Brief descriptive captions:
■ ■ ■ ■

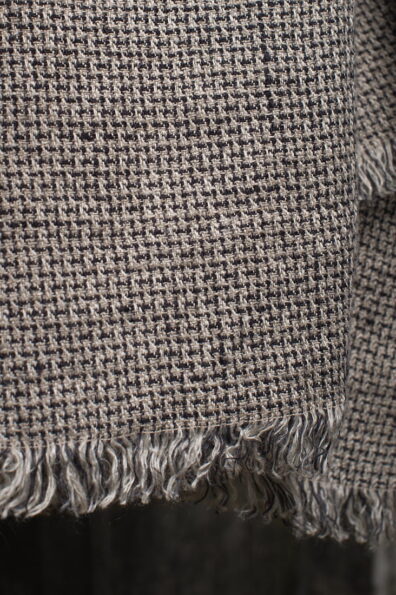 Długi i szeroki szalik z pranego lnu.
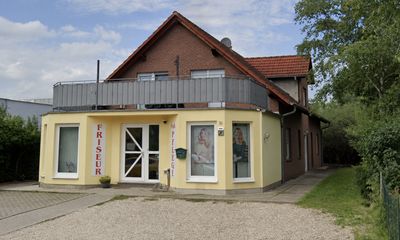 Eigentumswohnung mit Terrasse und Stellplatz in Burgwerben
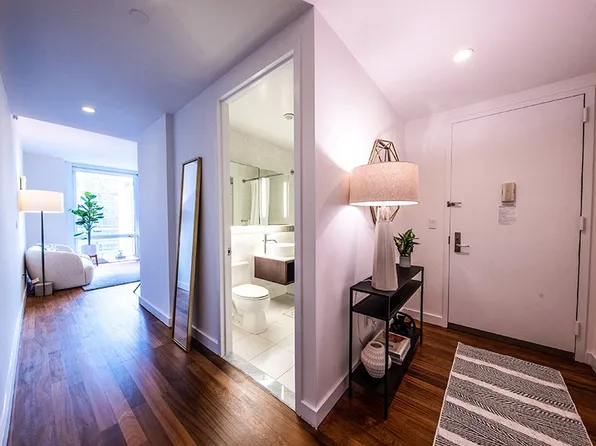 620 West 42nd Street image 1 of 11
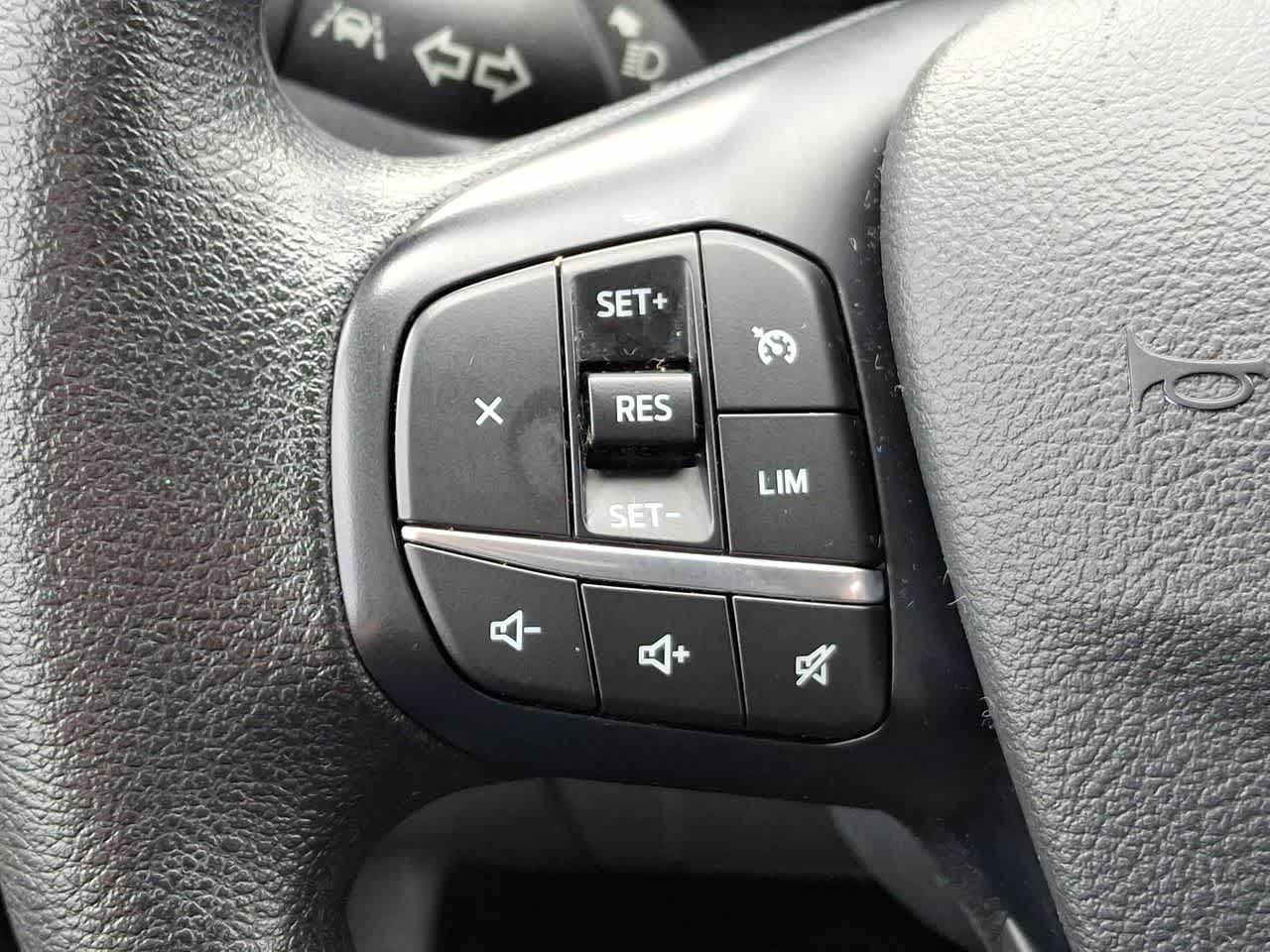 Thumbnail: 2023 Ford Econoline - 23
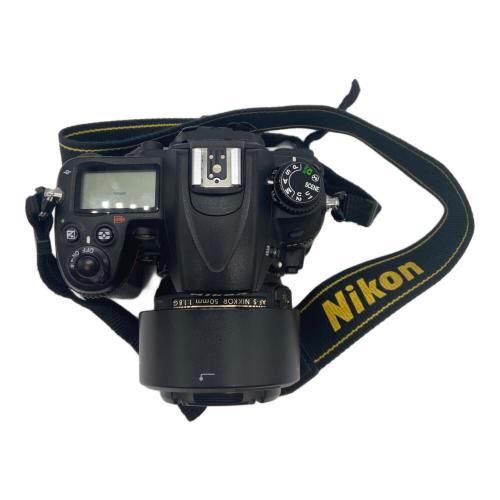Nikon (ニコン) デジタル一眼レフカメラ D7000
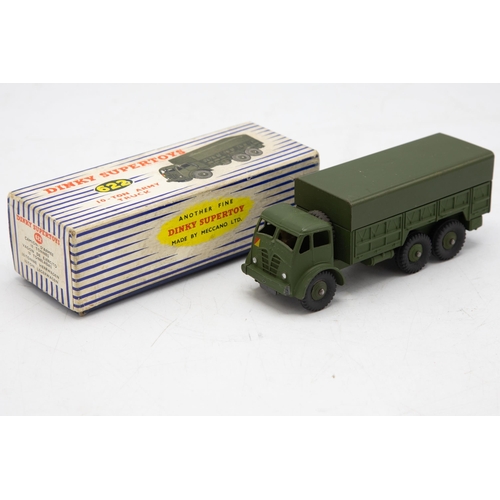 3005 - Dinky Supertoys 622- 10-ton Army Truck clean crisp matte green paintwork. Very near mint and excelle... 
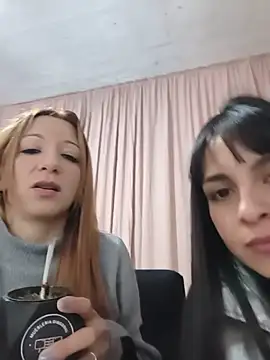 flaa18 live cam on StripChat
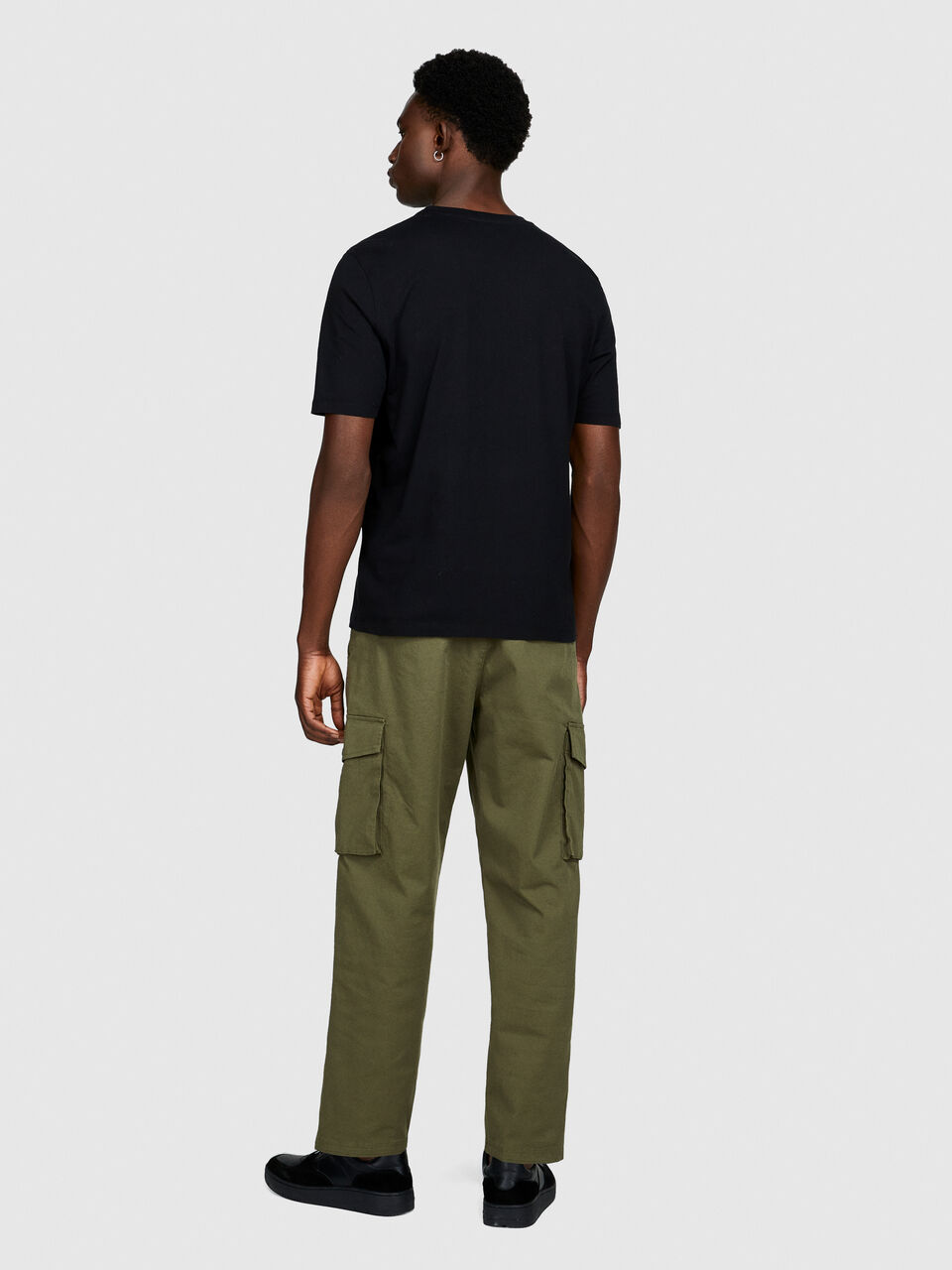 T-shirt con taschino Uomo image number null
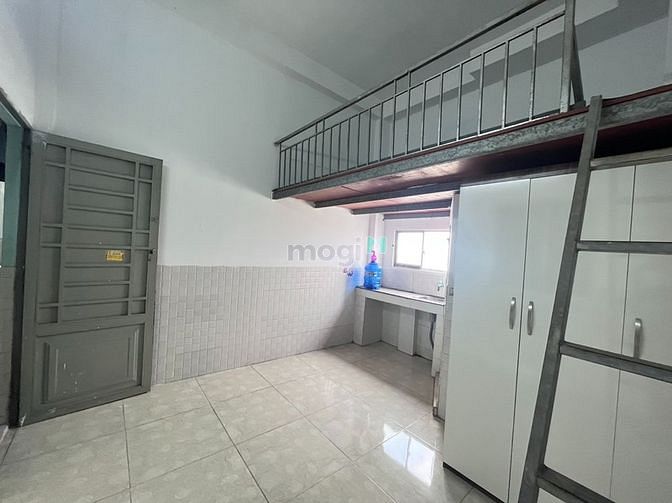 Hình ảnh Phòng gác lửng cửa sổ thoáng mát Tên lửa 25m2 gần bến xe miền tây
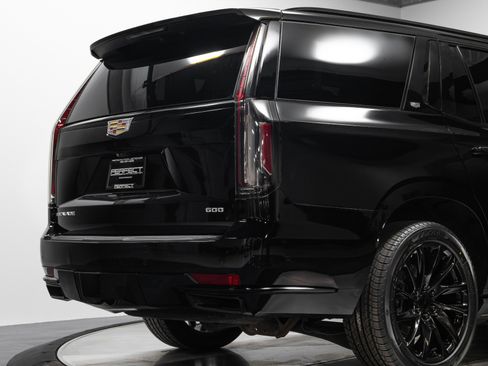 Used 2022 Cadillac Escalade Sport Platinum image 14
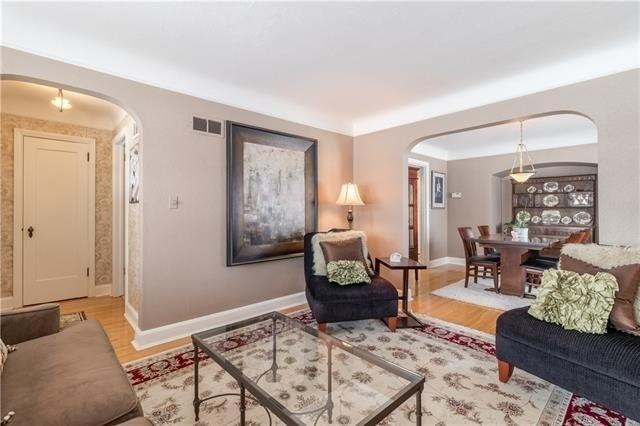132 Highland Ave, House detached with 3 bedrooms, 2 bathrooms and 1 parking in St. Catharines ON | Image 5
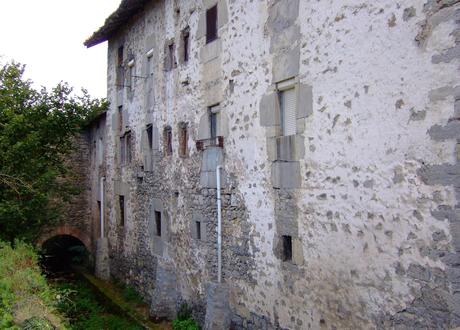 Vieja casa molino en las afueras.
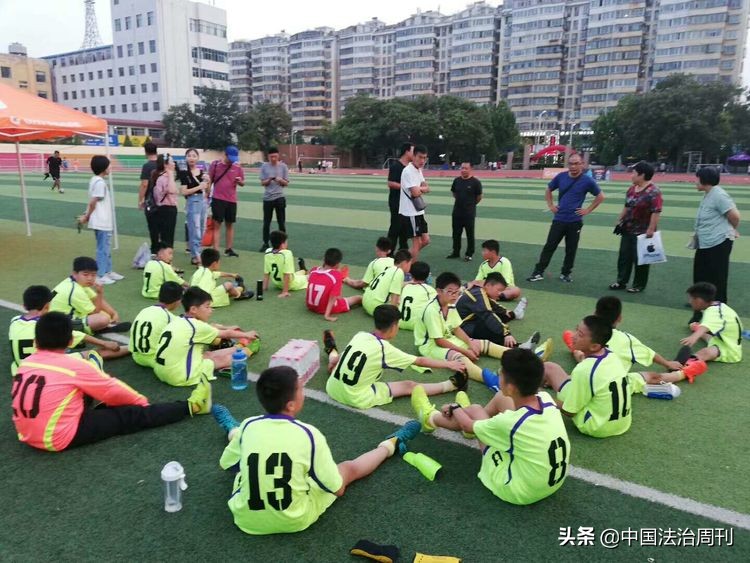 曲沃县小学足球比赛,曲沃足球比赛初中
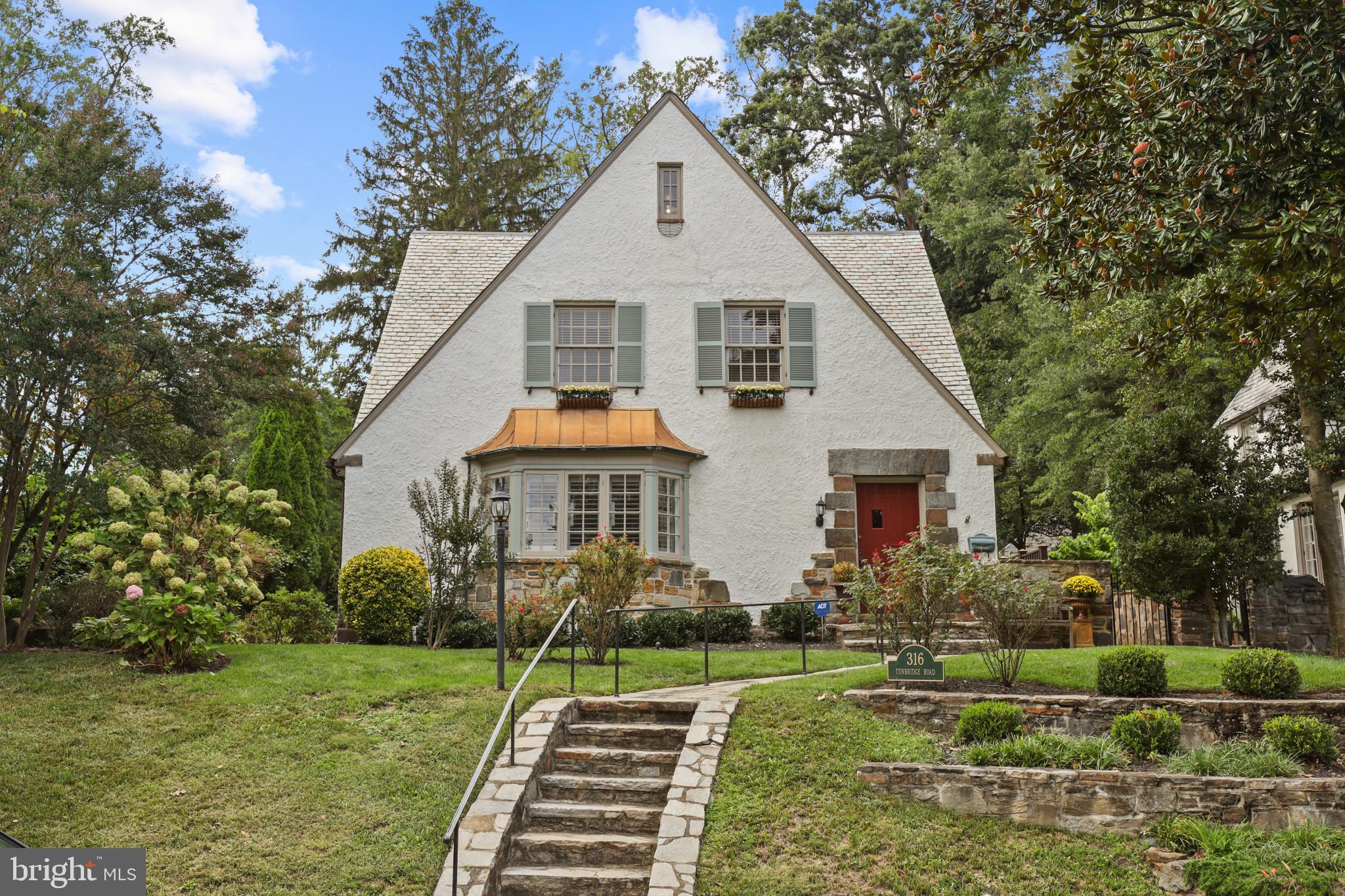 GREATER HOMELAND HISTORIC DISTRICT - Residential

■ ■ ■ ■

Exact copy, no pictures: return the entries word for word.

▶ **Answer for the task**
 Długi i szeroki szalik z pranego lnu.
 Eigentumswohnung mit Terrasse und Stellplatz in Burgwerben
 620 West 42nd Street image 1 of 11
 Thumbnail: 2023 Ford Econoline - 23
Nikon (ニコン) デジタル一眼レフカメラ D7000
 3005 - Dinky Supertoys 622- 10-ton Army Truck clean crisp matte green paintwork. Very near mint and excelle... 
 flaa18 live cam on StripChat
 T-shirt con taschino Uomo image number null
 Hình ảnh Phòng gác lửng cửa sổ thoáng mát Tên lửa 25m2 gần bến xe miền tây
 Used 2022 Cadillac Escalade Sport Platinum image 14
132 Highland Ave, House detached with 3 bedrooms, 2 bathrooms and 1 parking in St. Catharines ON | Image 5
 Vieja casa molino en las afueras.
 曲沃县小学足球比赛,曲沃足球比赛初中
 GREATER HOMELAND HISTORIC DISTRICT - Residential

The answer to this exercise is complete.